In the subsequent days the situation seemed to improve; after a week, PV opened his eyes and started to breathe without artificial help. He started to move his right arm, but later it turned out that these movements were reflexes, as he never responded to simple commands like “squeeze my hand.” He was admitted to the neurology ward but remained in a vegetative state when transferred to a rehabilitation center three weeks later. For three months PV looked awake during the day and closed his eyes at night but never seemed to perceive anything said or shown to him. Finally, the medical doctor determined that PV was in a persistent vegetative state. The doctor had no treatment to propose, and PV’s parents decided to take their son home.
At home, PV looked more awake. His mother was convinced that his eyes “looked different” when she spoke to him. PV’s parents did not accept the doctor’s diagnosis and sought help elsewhere. After they had visited a number of nontraditional medical practitioners, a speech therapist proposed a way to communicate with PV: the controversial “facilitated communication”: a person (facilitator) held PV’s hand to communicate on a special keyboard connected to a computer. It seemed that PV was given a voice by this “facilitated communication” method. Was he conscious after all? It is here that we first met PV at our consultation, 24 years after his acute brain insult.
Diagnosing the Minimally Conscious State
The vegetative state is defined by spontaneous or stimulation-induced eye opening without any sign of conscious awareness (all observed movements are reflexes).2 It has been the subject of medical, public, and legal discussions since its formal definition in the 1970s. Since the 1990s, a subgroup of patients with severe alteration in consciousness who do not meet diagnostic criteria for the vegetative state have been reported in the scientific literature. These patients demonstrate some discernible minimal behavioral evidence of consciousness (voluntary or non-reflex motor action) but remain unable to reproduce these behaviors consistently. In 2002, Joseph Giacino at the JFK Johnson Rehabilitation Institute and an international group of allied experts were the first to introduce diagnostic criteria differentiating the vegetative state from the minimally conscious state.3
A six-year-old standardized and validated consciousness scale—the Coma Recovery Scale–Revised—is now needed to differentiate between the vegetative state and the minimally conscious state when looking for small signs of consciousness (see table 2).4 In fact, our group, in collaboration with Dr. Giacino, showed that up to 41 percent of patients considered to be in a vegetative state (on the basis of routine bedside assessment and clinical consensus diagnosis) were in fact, as measured by the new scale, in a minimally conscious state. It is important to distinguish between the minimally conscious state and the vegetative state; in the former condition, patients should receive more-aggressive rehabilitation and treatment and are expected to have better chances of recovery. Previous studies by Keith Andrews in London and Nancy Childs in Texas had already shown high diagnostic error rates. We showed that by using a standardized bedside evaluation of consciousness (the Coma Recovery Scale–Revised), such diagnostic errors can be avoided.5 When PV was carefully examined by a trained and experienced clinician using the new scale, the results indicated that he was indeed conscious because he showed eye tracking.

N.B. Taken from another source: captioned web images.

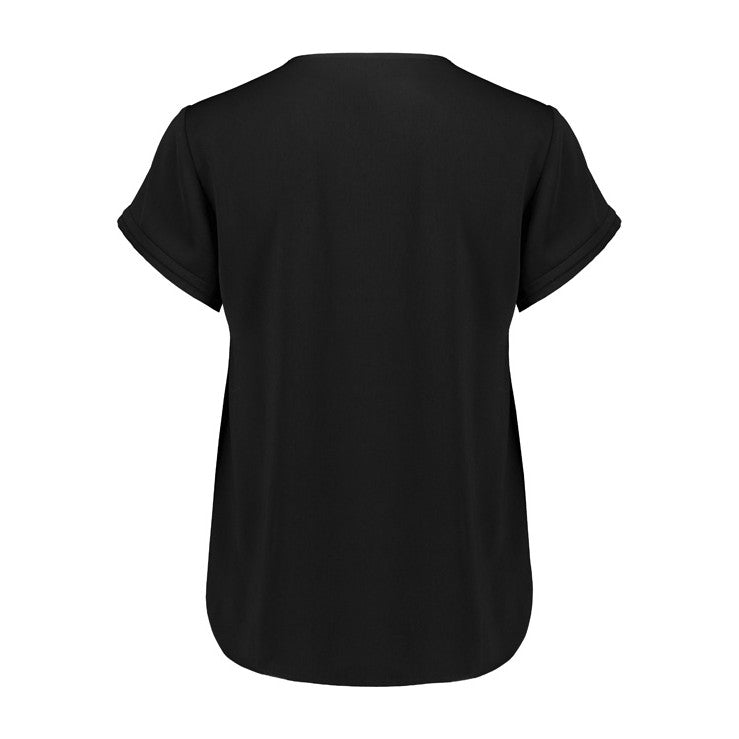 Biz Corporates Evelyn Womens Short Sleeve Blouse RU569LS in Black, view 2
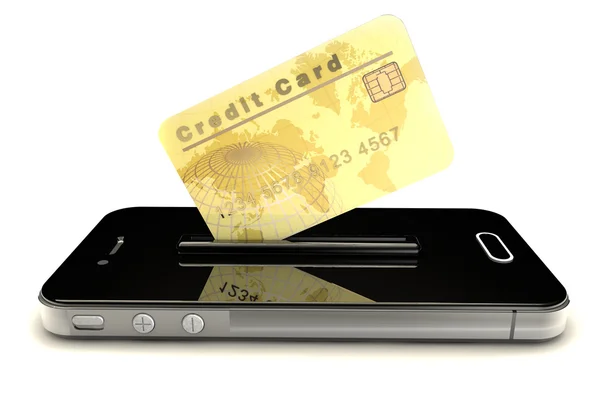 Credit Card and mobile phone — Stock Photo, Image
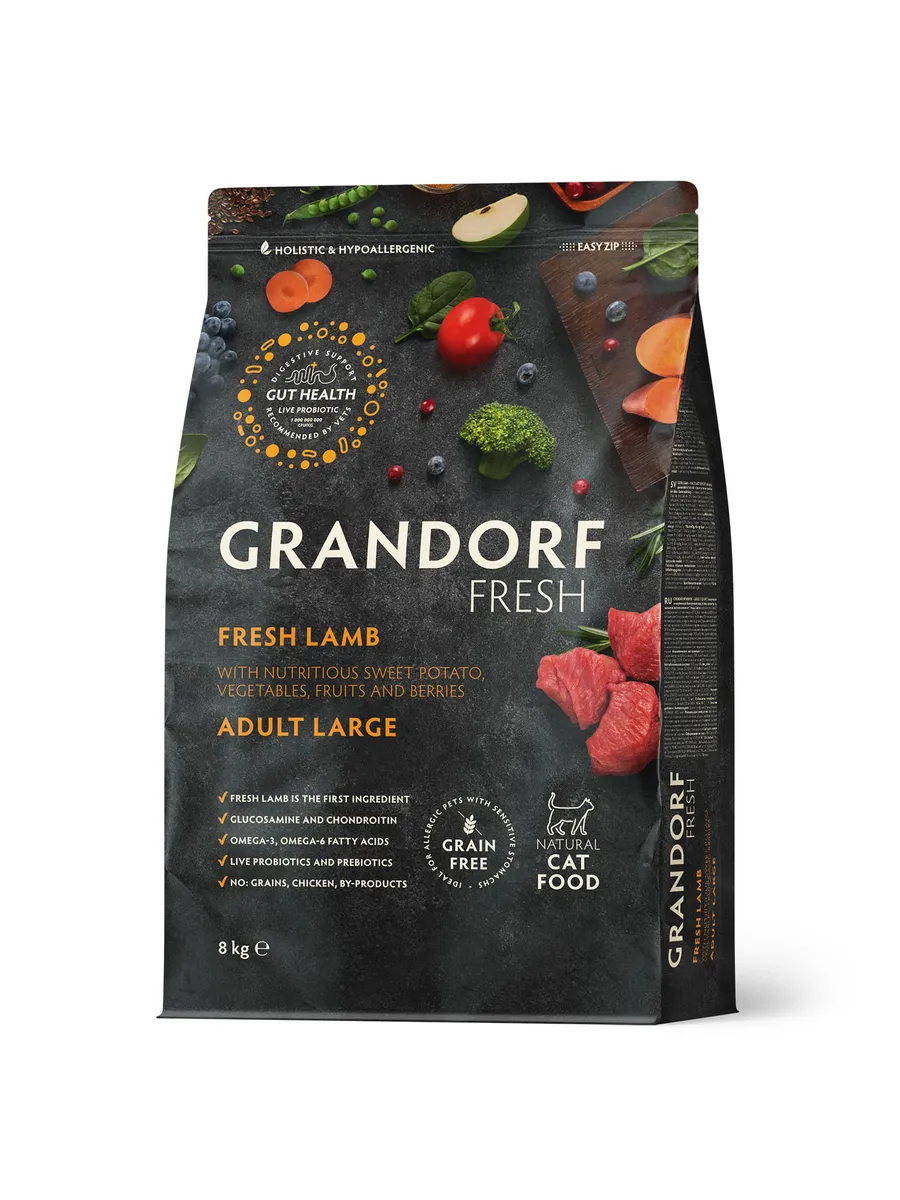 Grandorf Fresh Сухой беззерновой корм для крупных кошек с ягненком 8 кг 5407007853007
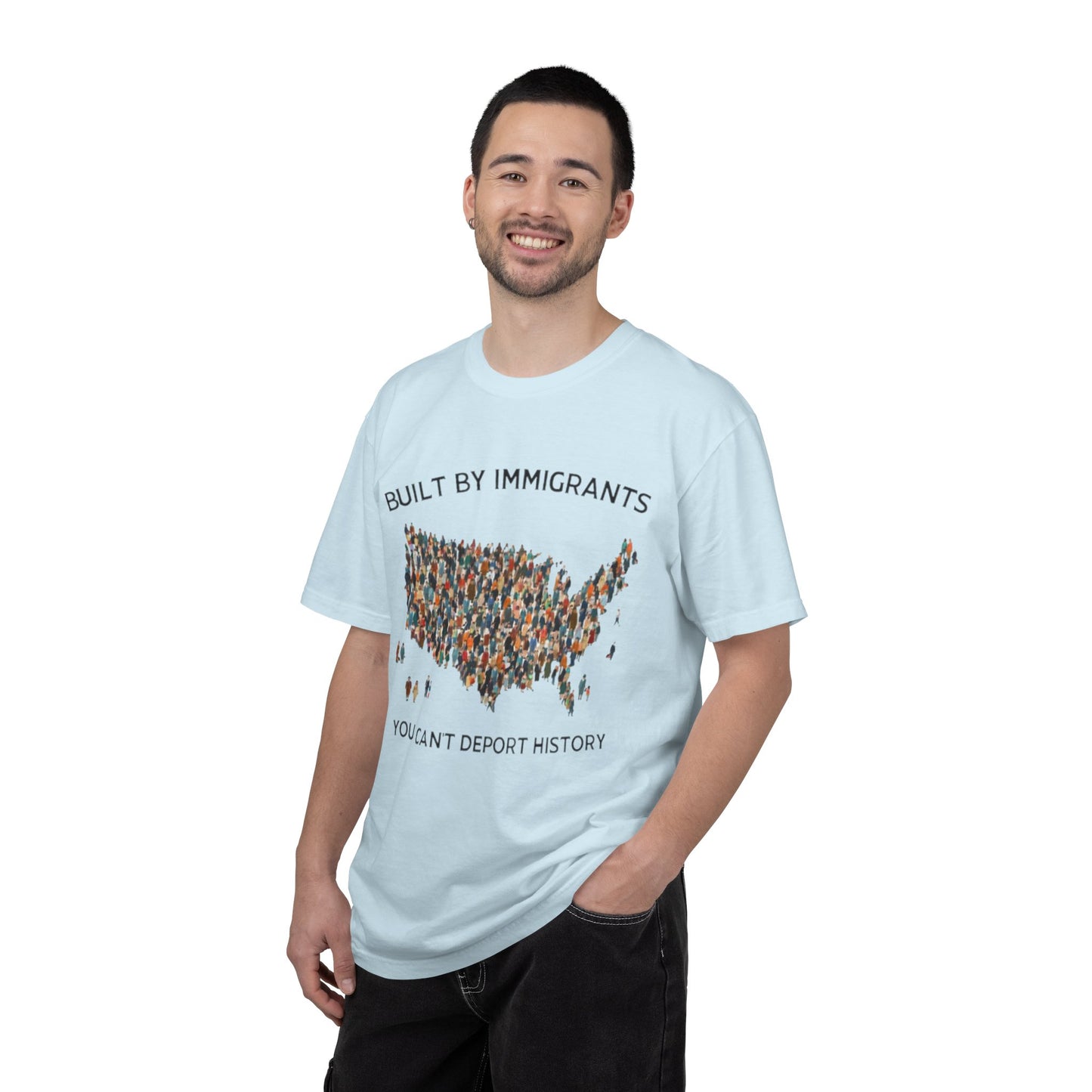 T-Shirt — "Built by Immigrants" USA Map Graphic Tee (You Can't Deport History)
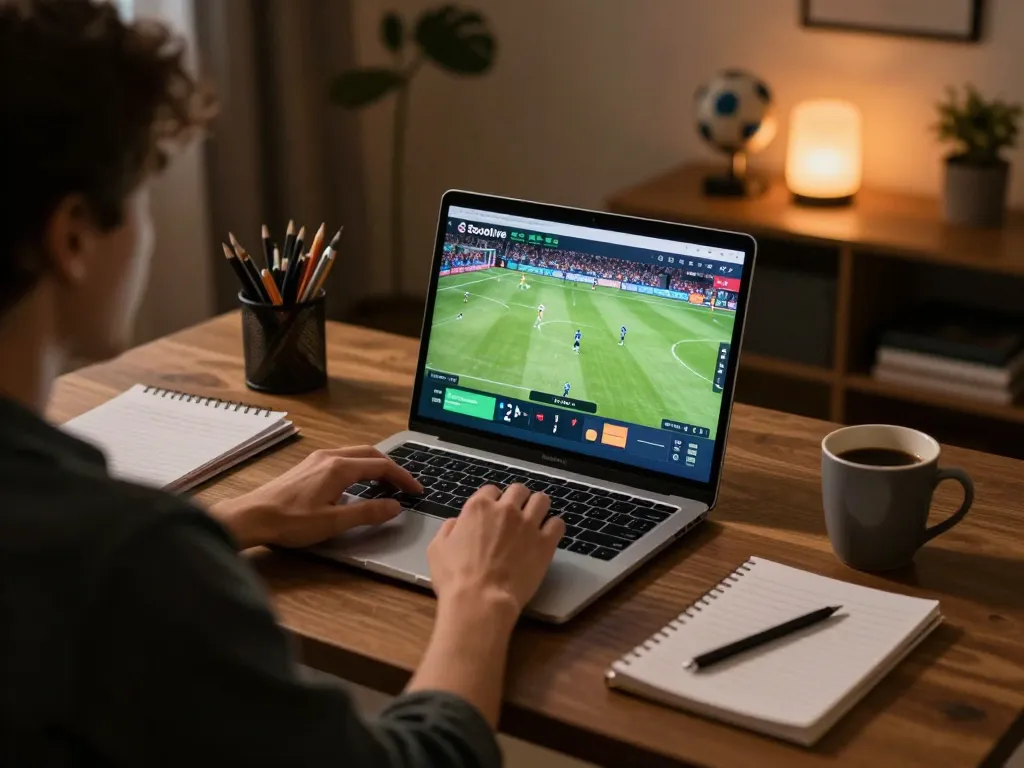Socolive live football streaming on a laptop in a cozy home gaming setup.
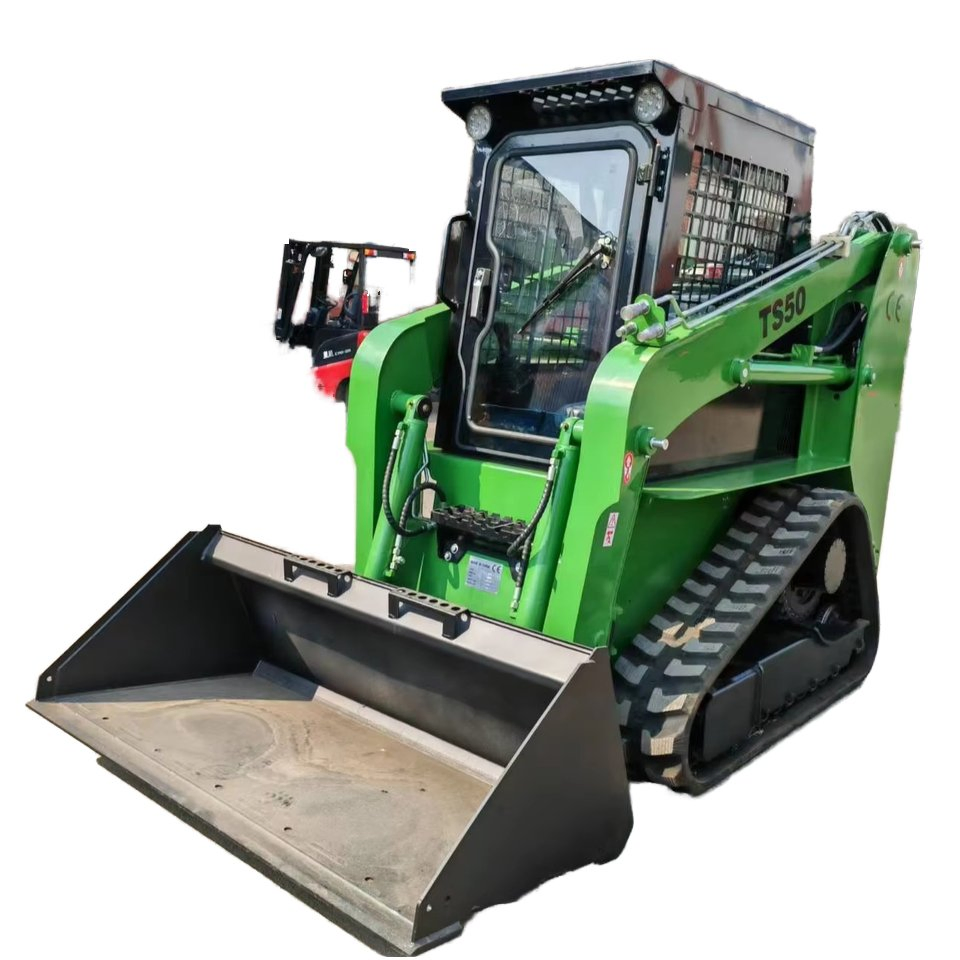 TUV RoHS Usado 65HP 75HP 500kg 1000kg 1200kg Mini Cargadora de Oruga Hidráulica de Construcción con Nivelación Automática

How do we conclude that a patient is conscious? Clinically we look for signs of “command following.” Physicians will, for example, ask patients to squeeze their hand or to look up or look down. A patient’s ability to respond to such simple commands is regarded as proof of consciousness. Sometimes the movement is very small and is observed only during some examinations, seemingly disappearing when searched for later. There can be a series of reasons for missing fluctuating signs of consciousness. When patients are tired, for example, or experiencing side effects of drugs (for treatment of epileptic fits or spasticity, for example), or when they are suffering from an infection or increased intracranial pressure, their ability to respond might be diminished. On the other hand, sometimes when it seems as if the patient is responding to a command, he or she may in fact be making an unrelated reflex or spontaneous movement. When physicians do not see any evidence of command following, it may nevertheless be difficult to determine whether that apparent non-response truly means there is no conscious awareness. Maybe the patient is deaf and can’t hear the command; if inability to hear is suspected, physicians can also write down the command and invite an answer from the patient by showing him or her the written command. Maybe the patient has understood the command and tried to make the movement, but a lesion in the nerves, spinal cord, or brain stem connecting the muscle with the brain’s motor cortex has prevented a physical response. In this case, physicians will need to measure the brain’s activity directly, searching for signs of consciousness, as we will discuss below.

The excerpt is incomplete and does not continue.